Dr. Edraki opened up all four of the drainage holes and said they all looked good. He trimmed dead cells from a couple of them and cleaned the newer ones, saying the drainage looked pretty good and he didn’t think there was any infection. He told us that the most important danger to Karri’s health was not the chance of infection but any delay in the beginning of chemotherapy and advised an immediate start. He wasn’t yet ready to close any of the wounds, and in fact, opened up a fourth site that was collecting fluid under the skin. He told Karri to come in again in a week and he would see then if any of the sites were ready to close. That afternoon the case manager of the home care nurses came and dressed the wounds. She felt that the wounds needed to be cultured for infection and encouraged us to track Karri’s food intake and other vital signs daily.

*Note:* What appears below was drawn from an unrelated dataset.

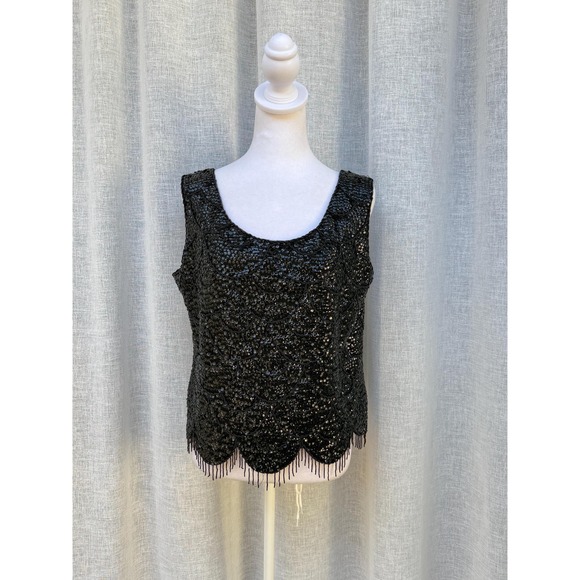1960's Black Wool Sequins and Beads Embellished Sleeveless party evening  Top - Picture 1 of 8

June 3 - Permanent IV (Port) Placed

Despite the fact that Karri was not feeling at all well – in addition to the ongoing nausea, she had begun to suffer discomfort in the entire region of her abdomen and had trouble walking, showering, eating, sitting up for long periods -- Dr. Edraki felt that the permanent IV device (Port) should be placed on schedule. It was an exhausting day with blood work in the morning and a long wait beyond her scheduled 3:30 surgery time. We had left messages for Dr. Edraki about the fact that Karri wasn’t feeling well, but he was in surgery and apparently didn’t get them. When he finally came out to see us about 5:30, he promised to check on Karri’s condition before deciding whether or not to place the port. He came out at 7:00 pm and said the procedure had gone well and he would evaluate Karri’s overall condition in his office the next day. Sometime after 8:30 Karri was finally allowed to come out of recovery, drink some juice, and go home. We have already begun using the port and it has worked like a charm. It has been so helpful to Karri during this most recent hospitalization. We are happy that Dr. Edraki did place it on schedule.

May 30
Karri met with Dr. Sherman, the medical oncologist who would be in charge of her chemotherapy. He was extremely warm and personable and told Karri that he would be available to her around the clock (24/7). Tentative plans were made for a pre-chemo consult with his Physician’s Assistant the following week to outline the course of the chemo, which he did not want to begin until Karri was more recovered from the complications from her surgery. He told Karri that although she would lose her hair and be very exhausted as a result of chemo, she should not suffer nausea because they had some greatly improved drugs to treat it these days. Karri would be receiving chemotherapy in three week increments, but he assured her that it could be scheduled around our planned summer vacation to Hermosa Beach and the family plans to take Jordan up to BYU-Idaho at the end of the summer.